§ HOW TO COMPLETE THIS TASK
All of the records that follow need to be copied word for word, without the pictures.

- - - - -

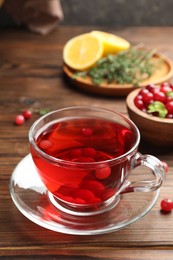 Photo of Tasty hot cranberry tea in glass cup and fresh berries on wooden table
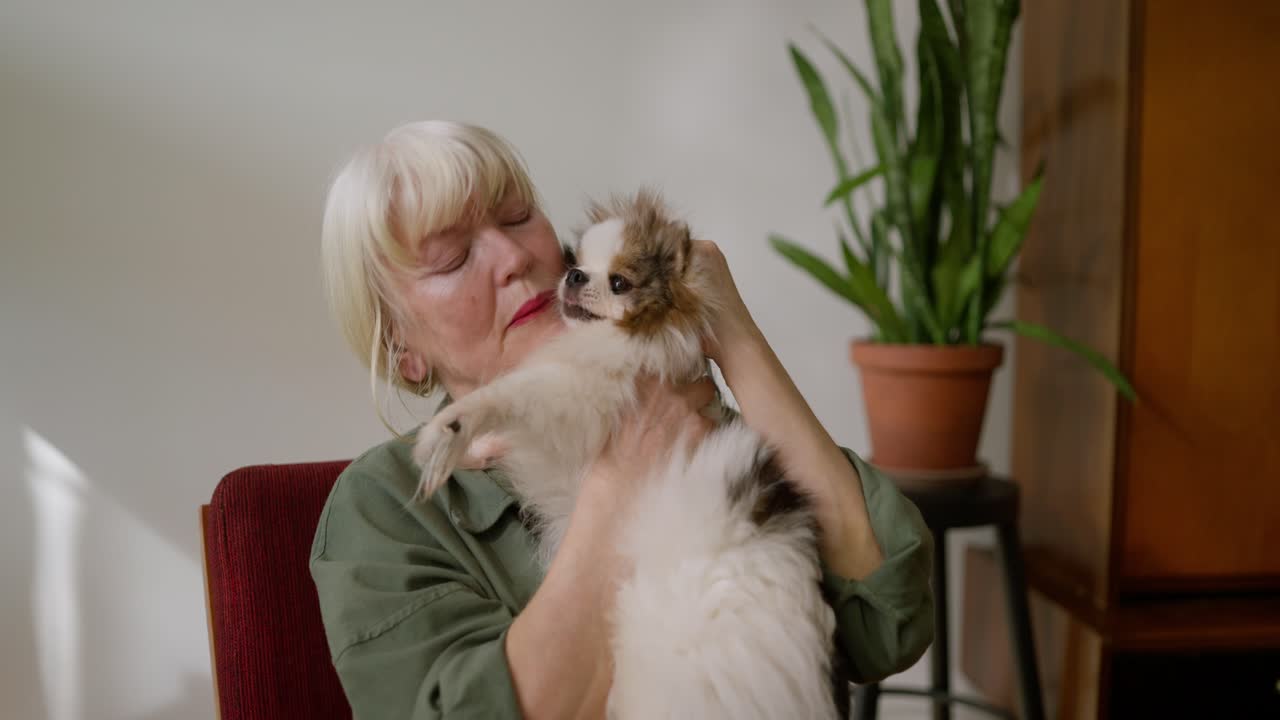 Woman Holding a Chihuahua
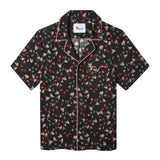 flat lay product photo of hawaiian top with recurring blue and red cat eye pattern and red, white, and blue piping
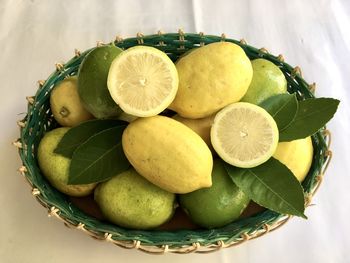 High angle view of fruits in basket on table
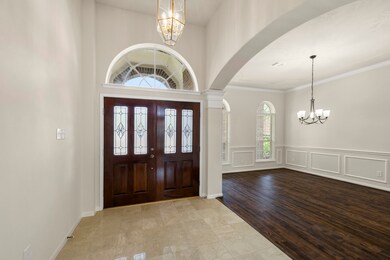 View of foyer and formal dining areas from the liv
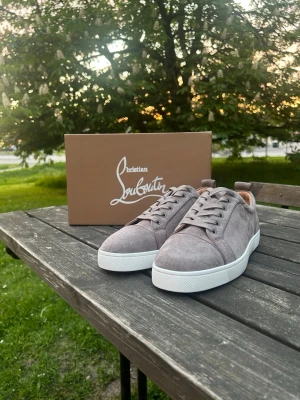 Gråa Loubs sneakers i mocka - Snygga gråa sneakers från loobs i mjuk mocka med klassisk röd sula och vita kanter. Lågt skaft och stilren design som passar perfekt till streetwear eller en mer uppklädd look. Skorna har matchande gråa skosnören och diskreta detaljer.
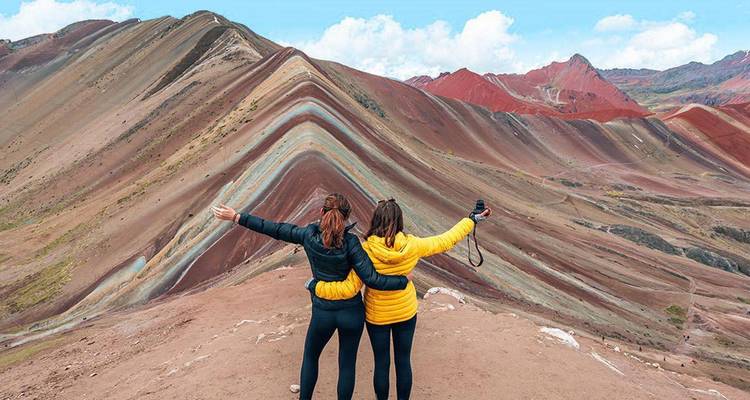 Two hikers with outstretched arms admire the vibrant striped slopes of Peru’s Rainbow Mountain.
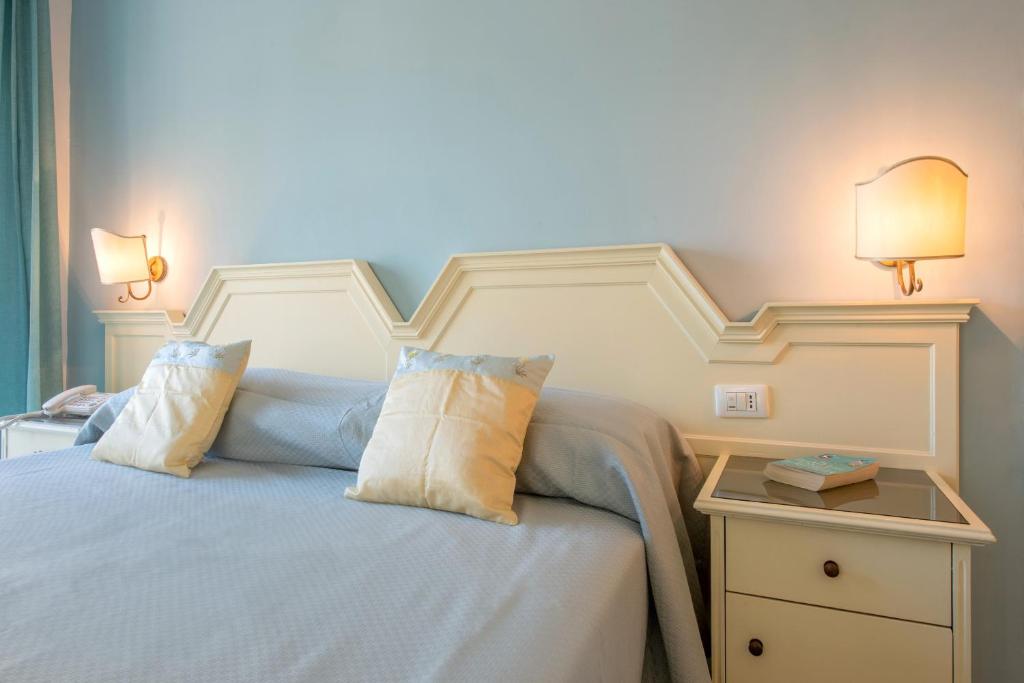 Mūsdienīga guļamistaba ar gaiši zilu sienu, gultu ar spilveniem un elegantu naktsgaldiņu, uz kura atrodas grāmata. Gaismas avoti rada siltu un mājīgu atmosfēru.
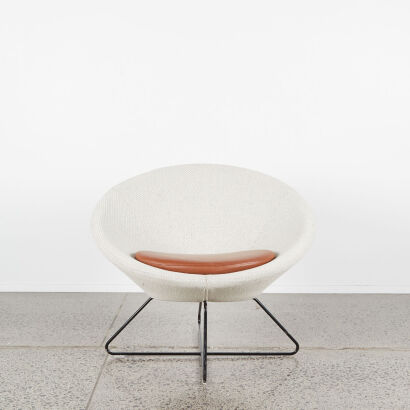 An MCM Style Tub Chair With Woven Upholstery And Atomic Style Base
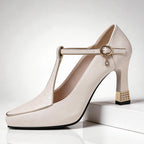 Side profile of court shoe showing pointed toe and block heel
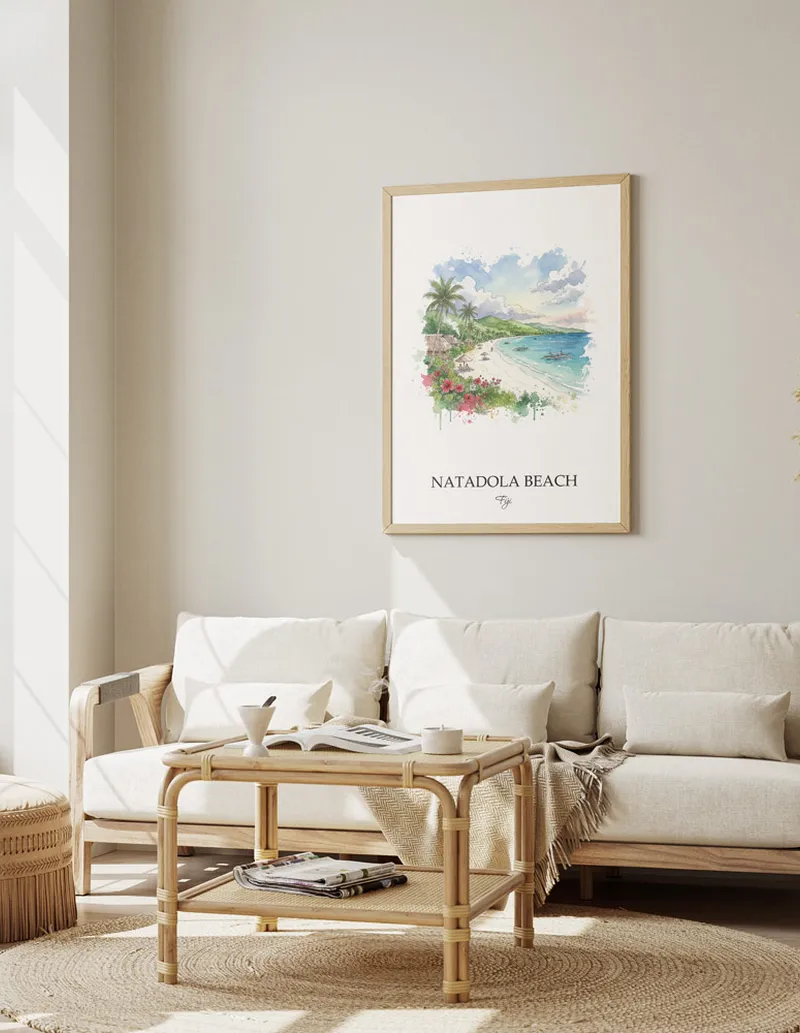 Minimalist poster of Natadola Beach in Fiji in a light frame standing on the floor in a dark moody interior.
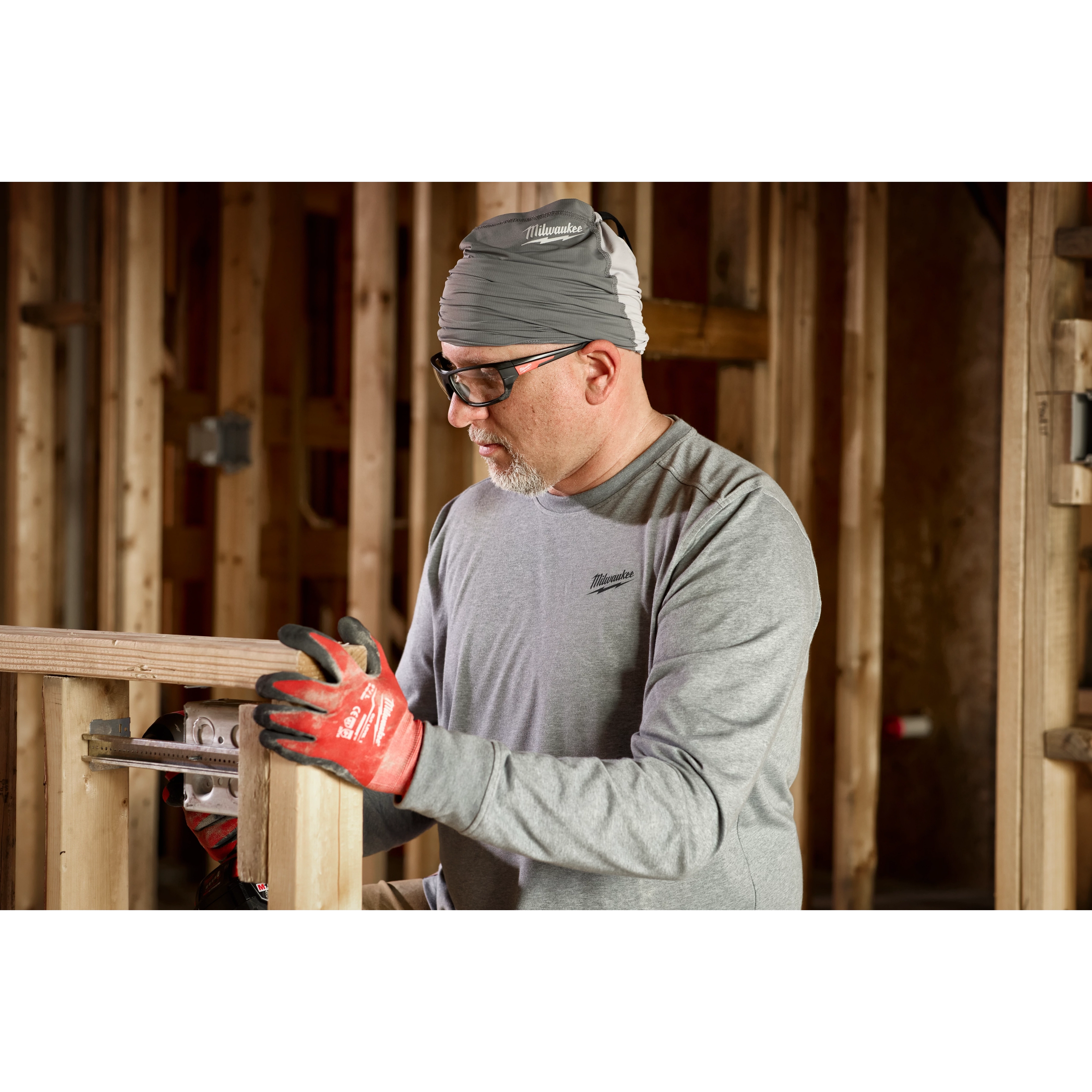 Person working indoors wearing a long-sleeve shirt, red gloves, and gray WORKSKIN Performance Neck Gaiter, handling a tool.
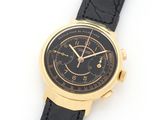 a close up of a watch on a white surface with a black strap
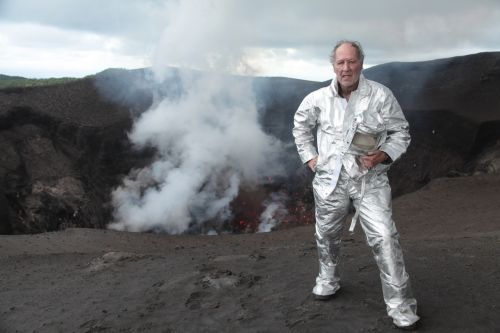 Der Regisseur steht in Schutzkleidung am Krater eines Vulkans.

- - - - -

§ SOLUTION BELOW
 Photo of Tasty hot cranberry tea in glass cup and fresh berries on wooden table
 Woman Holding a Chihuahua
 flat lay product photo of hawaiian top with recurring blue and red cat eye pattern and red, white, and blue piping
 High angle view of fruits in basket on table
 View of foyer and formal dining areas from the liv
 Gråa Loubs sneakers i mocka - Snygga gråa sneakers från loobs i mjuk mocka med klassisk röd sula och vita kanter. Lågt skaft och stilren design som passar perfekt till streetwear eller en mer uppklädd look. Skorna har matchande gråa skosnören och diskreta detaljer.
 Two hikers with outstretched arms admire the vibrant striped slopes of Peru’s Rainbow Mountain.
 Mūsdienīga guļamistaba ar gaiši zilu sienu, gultu ar spilveniem un elegantu naktsgaldiņu, uz kura atrodas grāmata. Gaismas avoti rada siltu un mājīgu atmosfēru.
 An MCM Style Tub Chair With Woven Upholstery And Atomic Style Base
 Side profile of court shoe showing pointed toe and block heel
 Minimalist poster of Natadola Beach in Fiji in a light frame standing on the floor in a dark moody interior.
 Person working indoors wearing a long-sleeve shirt, red gloves, and gray WORKSKIN Performance Neck Gaiter, handling a tool.
 a close up of a watch on a white surface with a black strap
 Der Regisseur steht in Schutzkleidung am Krater eines Vulkans.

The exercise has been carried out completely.